Merkel had quickly grasped the implications of the verdict when it hit on May 5, urging the members of her caucus to carefully consider the ruling. By Monday, with the potential fallout widening far beyond Berlin and Brussels, Merkel had grown even more concerned. The Karlsruhe ruling would have far-reaching reverberations and required a response, Merkel told the closed-door meeting.
The chancellor proposed a workaround: The ECB could offer an explanation of its asset-purchase program via the Bundesbank, which would serve as an intermediary to the German parliament, according to a person familiar with the discussion, who asked not to be identified because the deliberations are confidential. Publicly, her spokesman, Steffen Seibert, let it be known that Berlin didn’t consider the German judges questioned in principle the authority of the European Court of Justice.
Evidence to back the ECB’s assessment of the program is plentiful: researchers at both the Bundesbank and the ECB have for years responded to public criticism of its policies by investigating their benefits and drawbacks, and could easily compile their arguments.
Ultimately, policy makers at those two institutions will need to decide whether and in what form to respond. In a statement last week, Bundesbank President Jens Weidmann seemed to suggest he was in favor of the ECB being at the forefront of any explanatory efforts, which his central bank would “support”.
The inherent conflict for the German government is that it has to abide by the rulings of its highest court, while at the same time not appearing to dictate rules of comportment for the ECB.
The Karlsruhe court has told the government and parliament to demand the ECB perform a so-called economic proportionality review. Such a letter of request to ECB President Christine Lagarde is now being considered both by the finance ministry and lawmakers, people familiar with the talks said.
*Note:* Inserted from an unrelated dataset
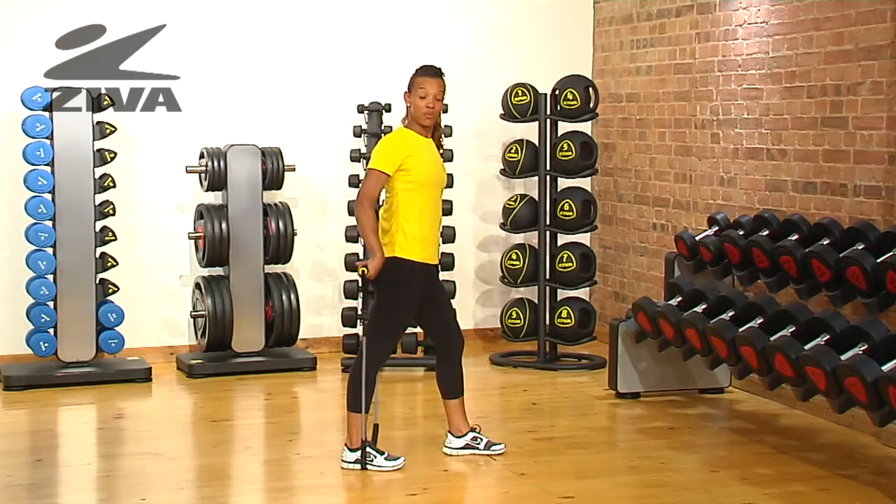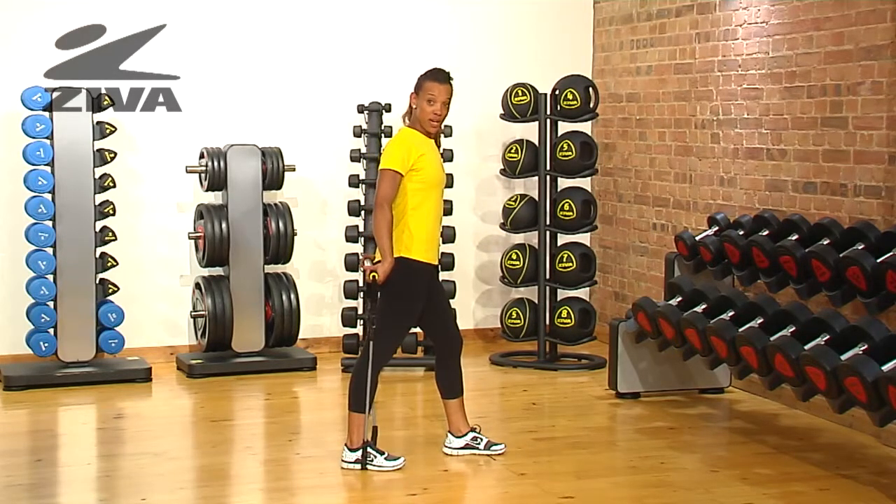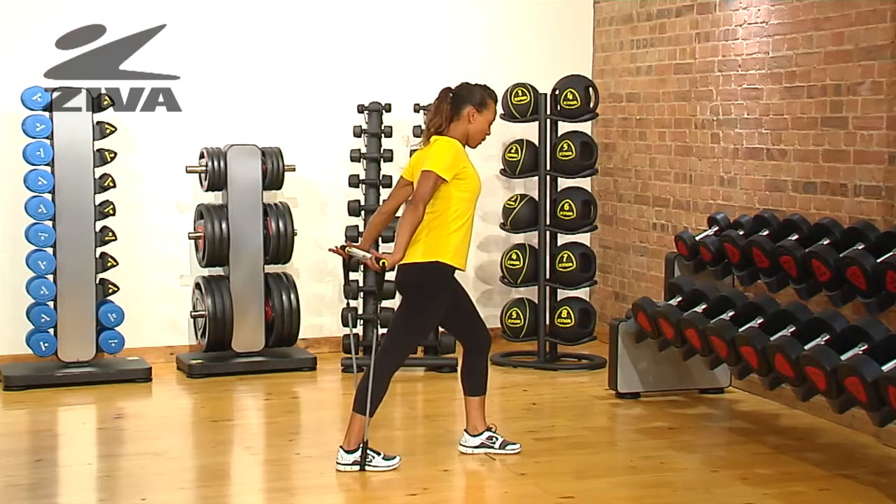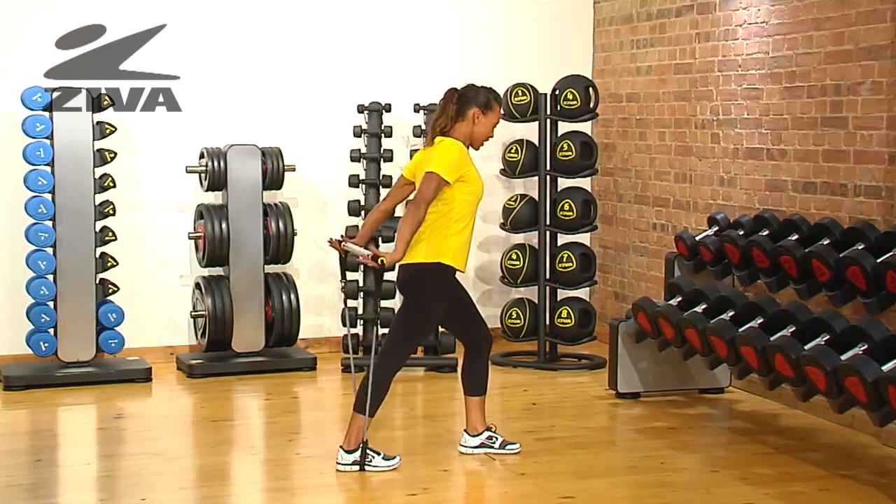I'm going to show you a great exercise to improve your posture as well as increase the tone in your triceps. It's called the tricep pulse using the Zeva resistance bar. You start with your feet staggered, your back foot on the tube, and extend your arms as far back as you can and pulse it in even motions.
While that would make the government comply with the ruling, it complicates the ECB’s premise of political independence.
Germany’s ambiguous approach on EU financing is coming to haunt the government. On one hand, Berlin continues to resist EU moves toward closer fiscal integration, relying on the ECB to keep the euro zone afloat while on the other hand criticizing the institution for its monetary expansion.
For Merkel, the ruling comes at a difficult moment, because it emboldens her caucus group that has been historically critical of the ECB’s bond buying program. Many CDU/CSU members of parliament now feel vindicated. And it has the potential to whip up support for the far-right AfD party, which has long opposed the perceived dominance of the EU.
“We will use the ruling of the Constitutional Court as an occasion to question its decisions once again, in a constructive and critical dialog,” caucus leader Ralph Brinkhaus said after the verdict.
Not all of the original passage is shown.